Aliens: The Anthropology of Science Fiction

By George E. Slusser; Eric S. Rabkin | Go to book overview

6
Discriminating among Friends: The Social Dynamics of the Friendly Alien

John Huntington

Let me begin by emphasizing a distinction that underlies everything I have to say. The problems posed by the imagined alien are quite different from those posed by the actual alien. The imagined alien is a gratuitous invention, a complication that someone, for reasons that bear investigation, has added to the world. The actual alien is not gratuitous, and it has to be dealt with as it is. Of course, there is necessarily some overlap between the two. Actual aliens stimulate fantasies about aliens.

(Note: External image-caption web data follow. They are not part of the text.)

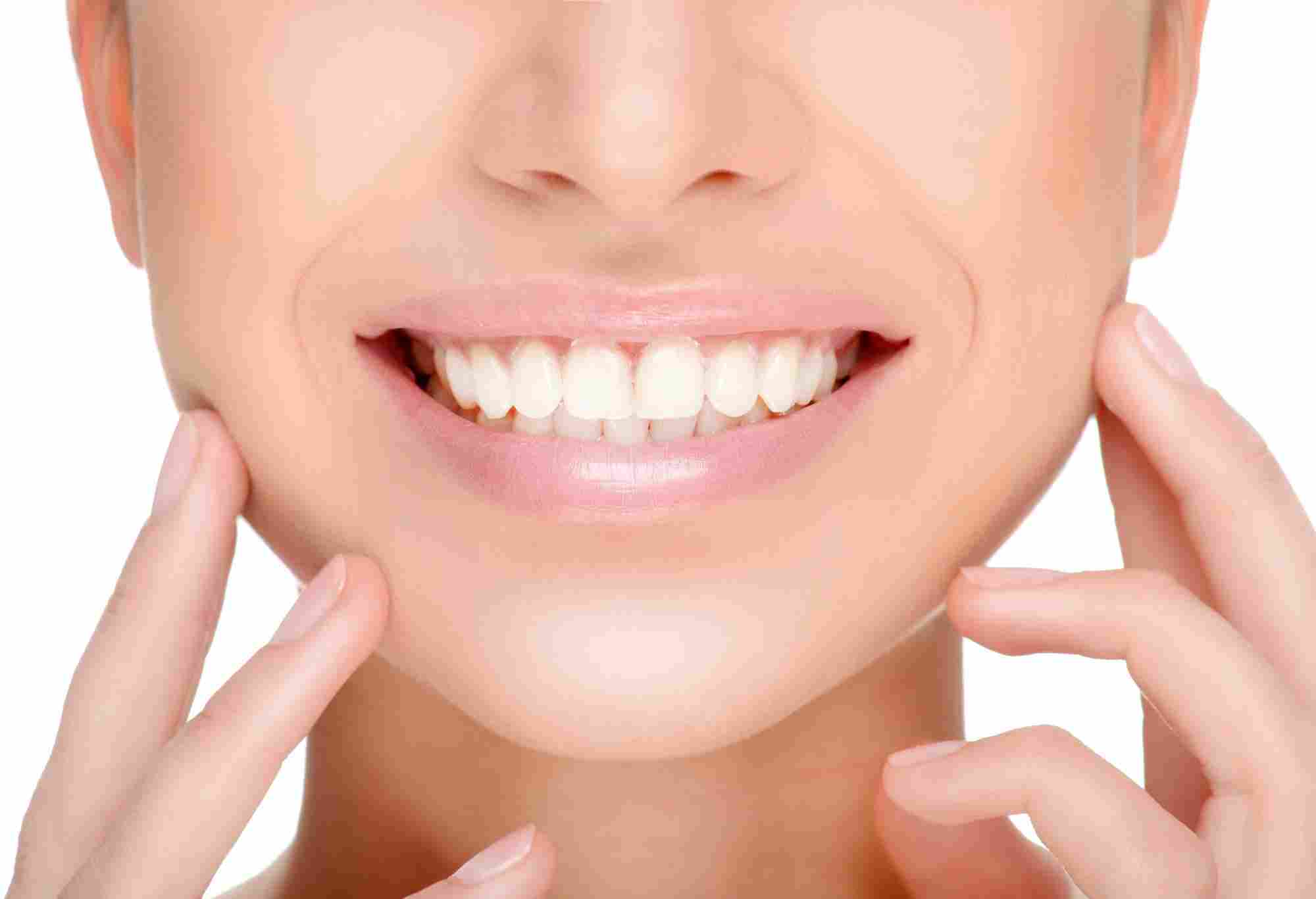 Perfect Smile With Teeth Whitening Treatment
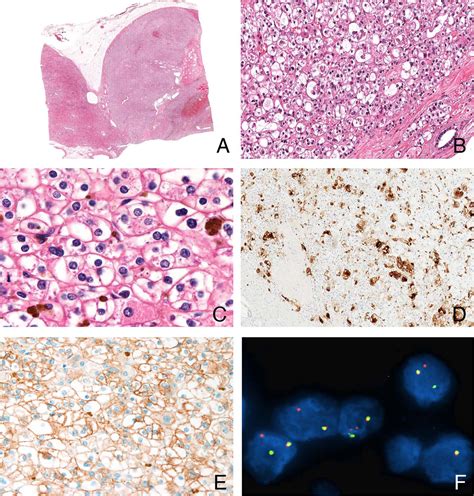 Tfeb Rearranged Renal Cell Carcinoma A Clinicopathologic And Molecular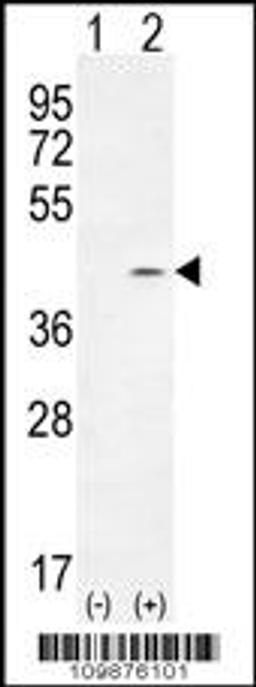 Western blot analysis of PTK9L using rabbit polyclonal PTK9L Antibody using 293 cell lysates (2 ug/lane) either nontransfected (Lane 1) or transiently transfected (Lane 2) with the PTK9L gene.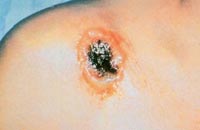  .    www.humanillnesses.com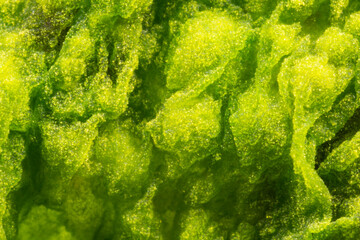 Cyanobacteria, Cyanobacteriota or Cyanophyta a layer on the water surface, water pollution,  micro photography under microscope - magnified 5x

It does not seem unreasonable to view the imagined hostile alien as a projection onto "the other" of qualities of ourselves that we wish to deny.1 This basic dynamic of the hostile alien is exquisitely rendered in Fredric Brown apos;s Arena when Carson, the human hero, caught in what he claims is telepathic rapport with the hostile alien, describes his sensation as "things that he felt but could not understand and could never express." Having attributed his unacceptable feelings to the alien, Carson can then exclude it from the category of creatures requiring moral consideration and can attack it without reservation or qualm.

I have argued elsewhere that once a writer sets up such a system of exclusion as is required by the hostile alien story, the writer is trapped in it, and even an attempt to correct the exclusionary system fails to do anything but reverse the polarities and leads to anthrophobia in the place of xenophobia. Ursula LeGuin's The Word for World is Forest is a clear instance of this process by which a strong attack on the xenophobic proclivities of humanity finds its satisfaction in scapegoating the prejudiced human.